▶ _Material provided_

# # # # # # #

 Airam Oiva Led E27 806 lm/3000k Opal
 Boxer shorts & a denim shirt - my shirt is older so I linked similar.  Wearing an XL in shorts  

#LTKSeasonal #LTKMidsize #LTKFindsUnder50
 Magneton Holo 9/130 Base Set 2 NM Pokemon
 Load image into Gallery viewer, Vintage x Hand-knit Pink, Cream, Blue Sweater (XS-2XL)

# # # # # # #

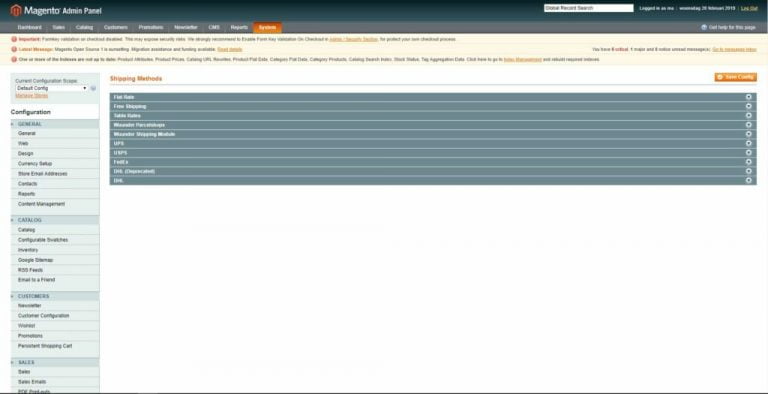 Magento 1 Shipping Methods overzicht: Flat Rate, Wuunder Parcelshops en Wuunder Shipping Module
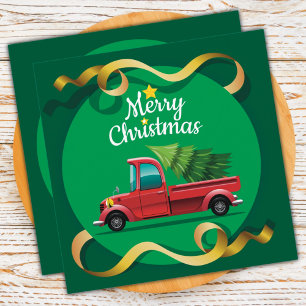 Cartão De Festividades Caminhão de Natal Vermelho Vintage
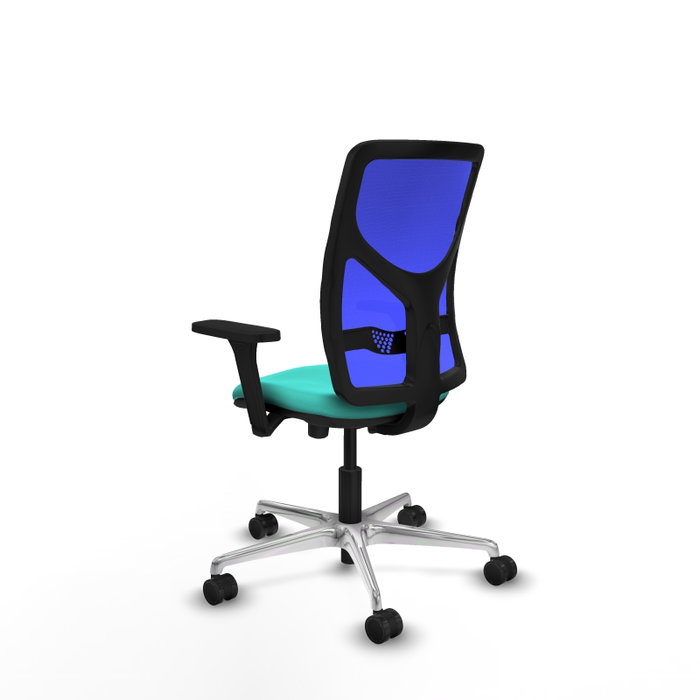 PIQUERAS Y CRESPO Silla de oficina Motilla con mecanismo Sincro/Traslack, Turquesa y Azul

# # # # # # #

▶ _Task requirements_
Give again, exactly as written above, each line from the one that has "Magento 1 Shipping" to the one that has "PIQUERAS Y CRESPO", both included; omit the pictures.

▶ _Written reply_
 Magento 1 Shipping Methods overzicht: Flat Rate, Wuunder Parcelshops en Wuunder Shipping Module
 Cartão De Festividades Caminhão de Natal Vermelho Vintage
 PIQUERAS Y CRESPO Silla de oficina Motilla con mecanismo Sincro/Traslack, Turquesa y Azul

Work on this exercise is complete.